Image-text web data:
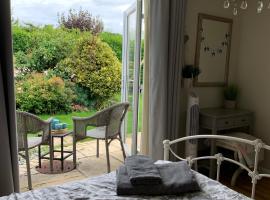 New Forest Chalet，位于Ibsley的木屋
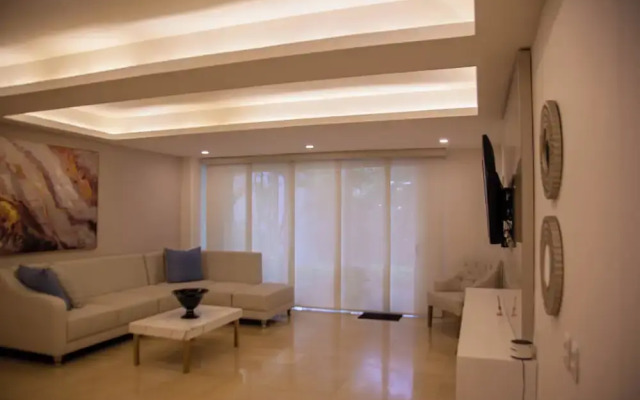 San Diego 974 Suites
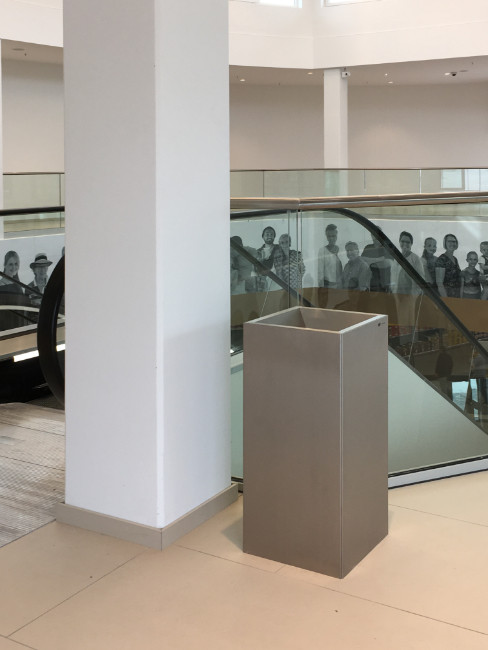 SN-240 Abfallbehälter mit Trichteraufsatz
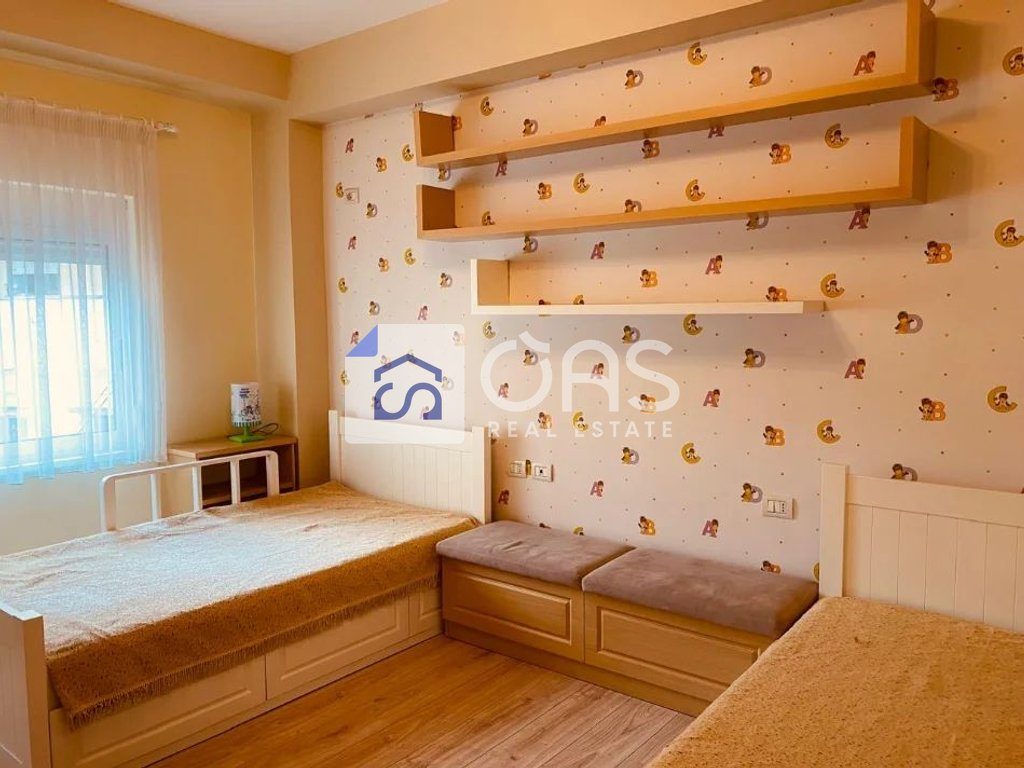Jepet apartament me qera 2+1 tek Brryli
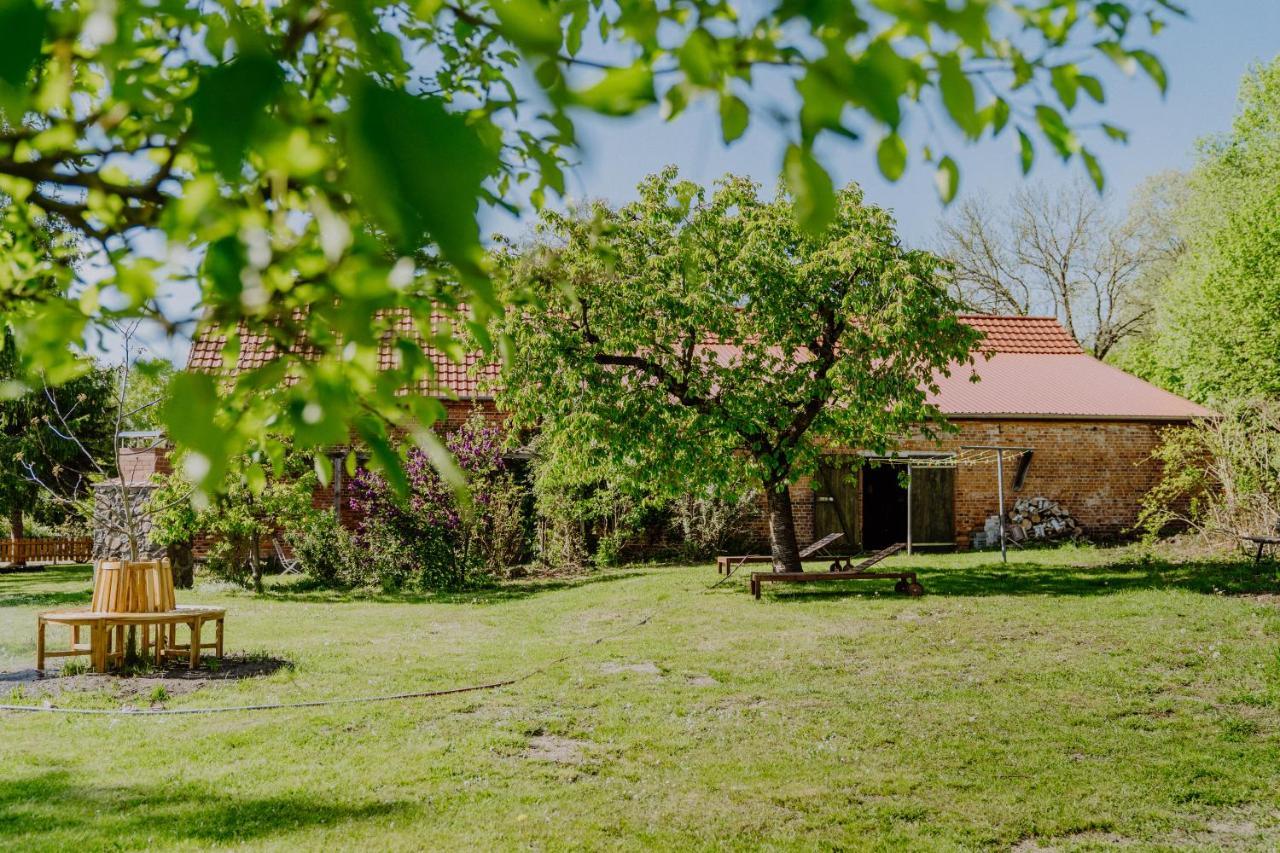 Landhaus Goldene Gans Gross Pankow  Екстер'єр фото
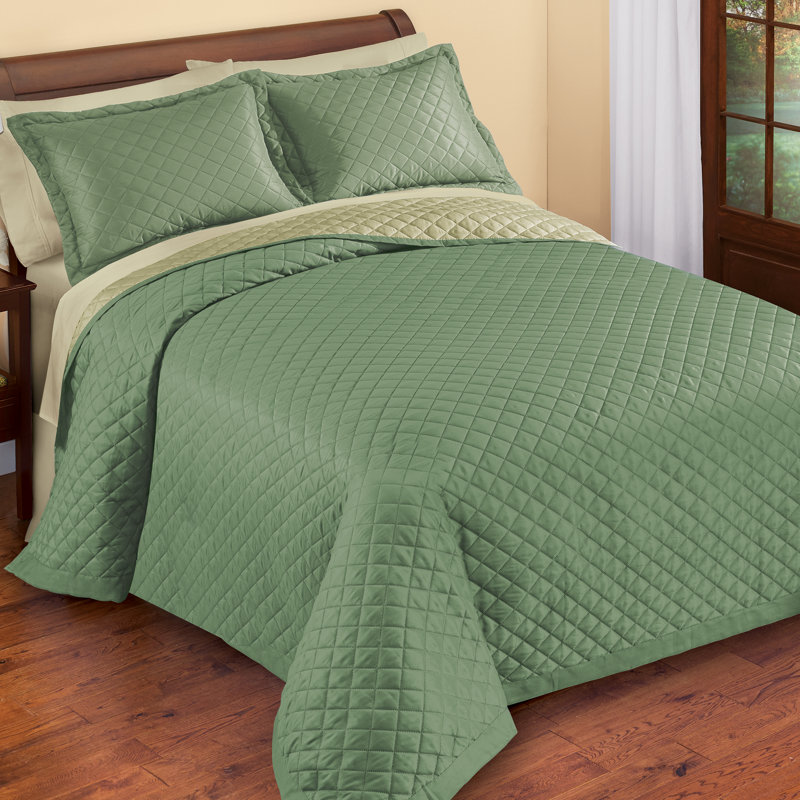 Twin Olive and Sage Reversible Quilted Bedspread Set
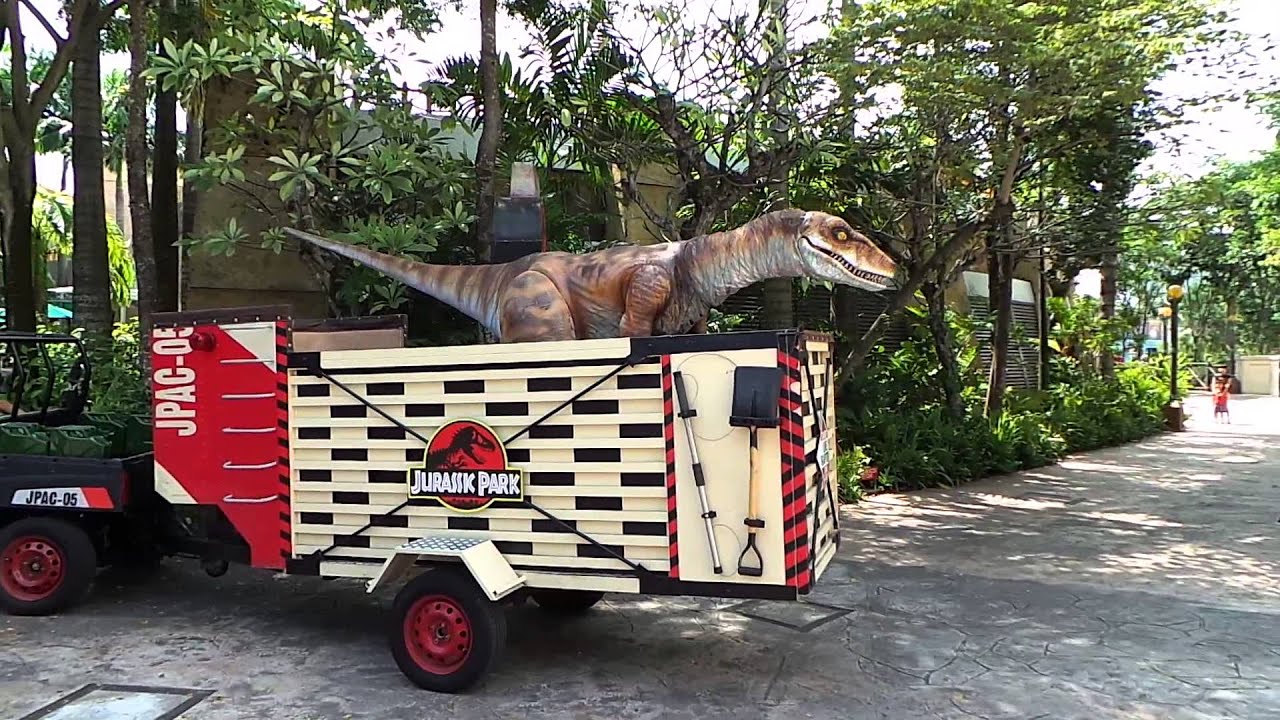 Universal Raptor Experience Universal Studios Singapore Real Raptor Experience - YouTube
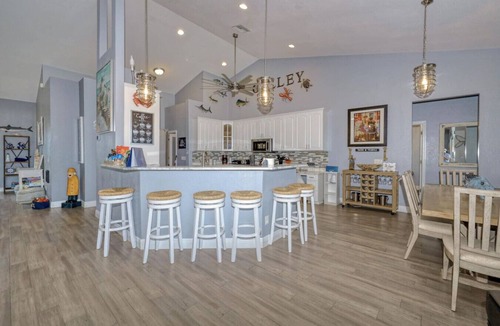 Caloosahatchee Villa | Loaded! Gulf Access Fenced Yard Smart TVS Kayaks Bikes Beach/Fish Gear Dog OK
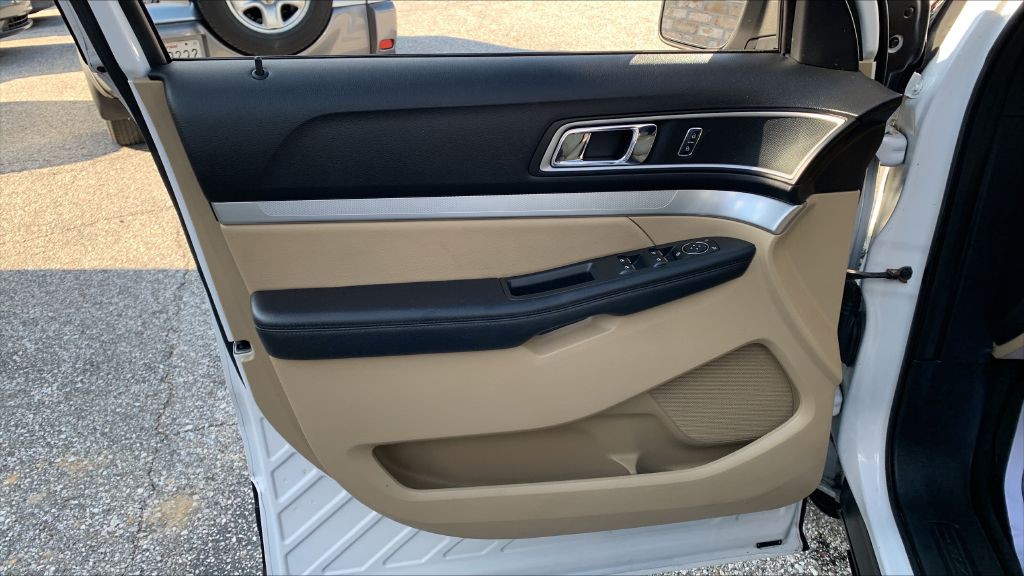 2017 Ford Explorer Image 13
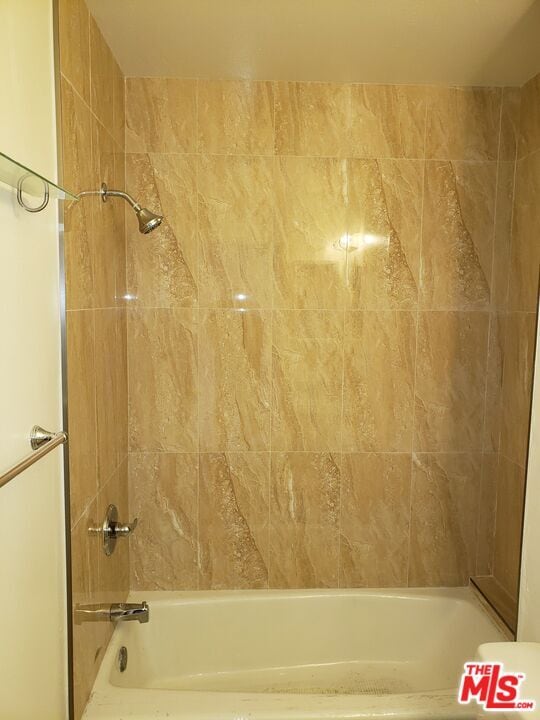 Building Photo - 555 W Dryden St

EXERCISE DETAILS:
The line containing "Jepet apartament me qera 2+1 tek Brryli" and every line after it, through the end of the data, are to be output exactly. Omit the pictures.

WRITTEN SOLUTION:
Jepet apartament me qera 2+1 tek Brryli
 Landhaus Goldene Gans Gross Pankow  Екстер'єр фото
 Twin Olive and Sage Reversible Quilted Bedspread Set
 Universal Raptor Experience Universal Studios Singapore Real Raptor Experience - YouTube
 Caloosahatchee Villa | Loaded! Gulf Access Fenced Yard Smart TVS Kayaks Bikes Beach/Fish Gear Dog OK
 2017 Ford Explorer Image 13
 Building Photo - 555 W Dryden St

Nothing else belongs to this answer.